WHAT IS REQUIRED
Exactly as written, copy every line from the one containing "coin purse NWT" through the end of the records, with the pictures left out.

··· EXTRACTED ENTRIES ···

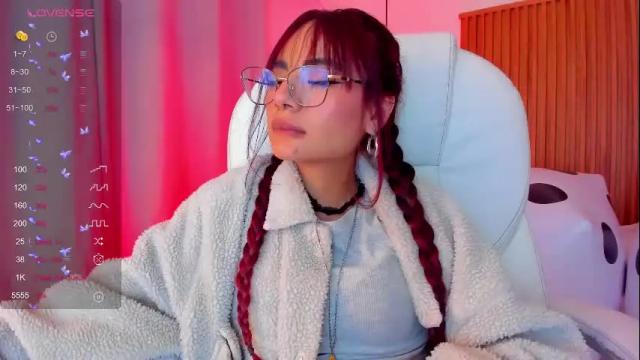Image 6 of sophiecherry_ Stream on Chaturbate on 28 days ago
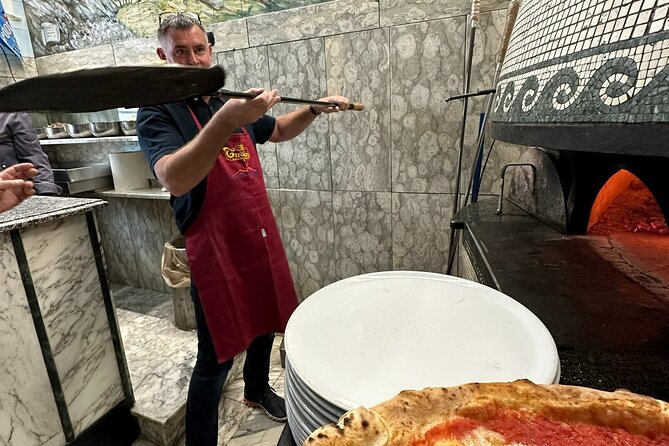 Real Neapolitan Pizza Class in a Historic Pizzeria - Why this is more than a pizza lunch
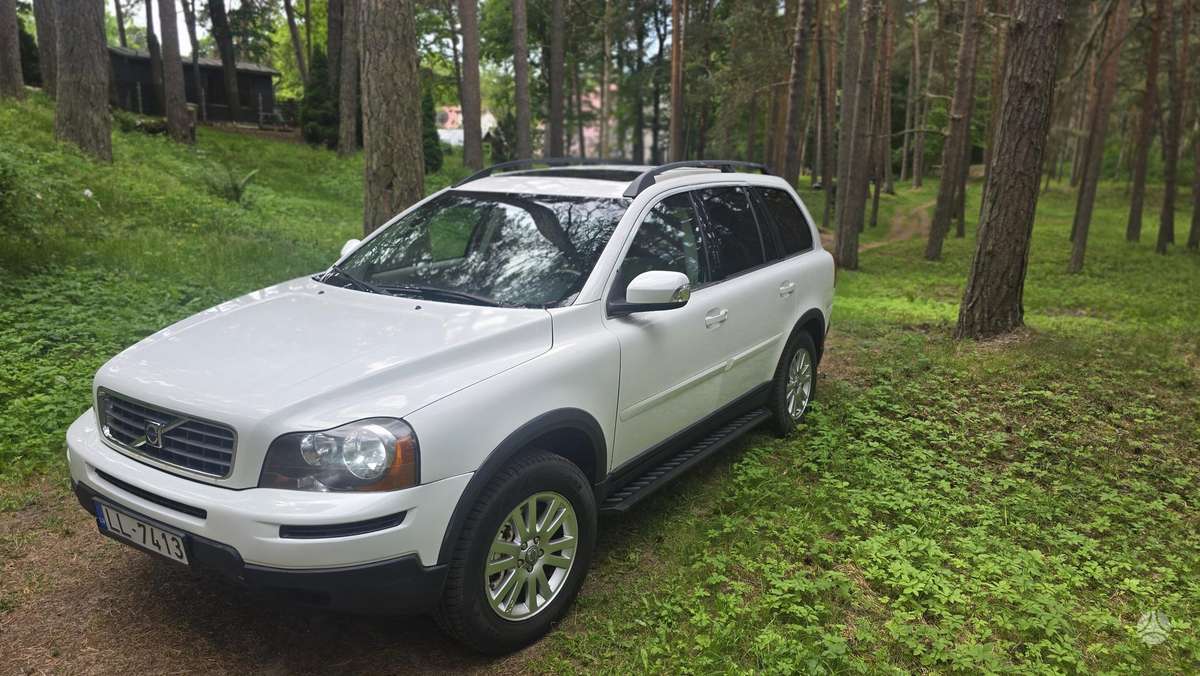 Volvo XC90 - 1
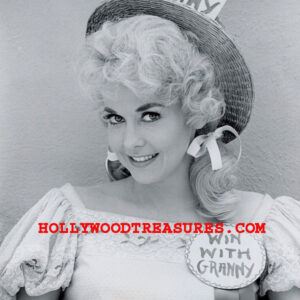 Donna Douglas~Beverely Hillbillies~Vote With Granny~Republican~Democrat~Political~Voting Rights~ Entertainment Room Photo~~Photo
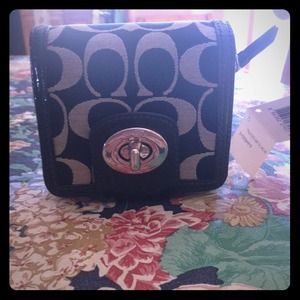 ❗️SALE ❗️Coach signature wallet/ coin purse NWT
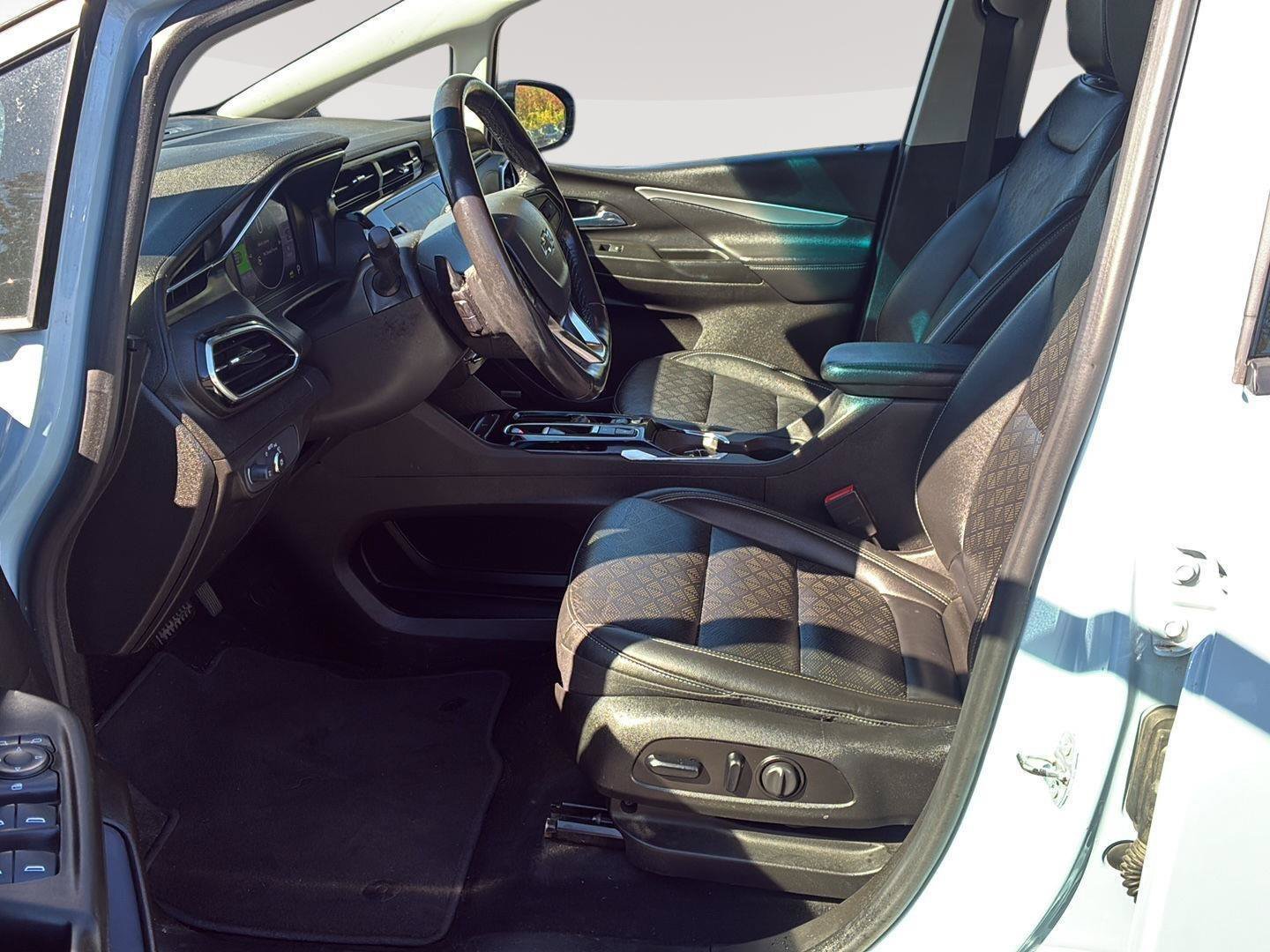 Used 2022 Chevrolet Bolt LT w/ Infotainment Package FWD image 23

···

ANSWER FOR THE TASK
 ❗️SALE ❗️Coach signature wallet/ coin purse NWT
 Used 2022 Chevrolet Bolt LT w/ Infotainment Package FWD image 23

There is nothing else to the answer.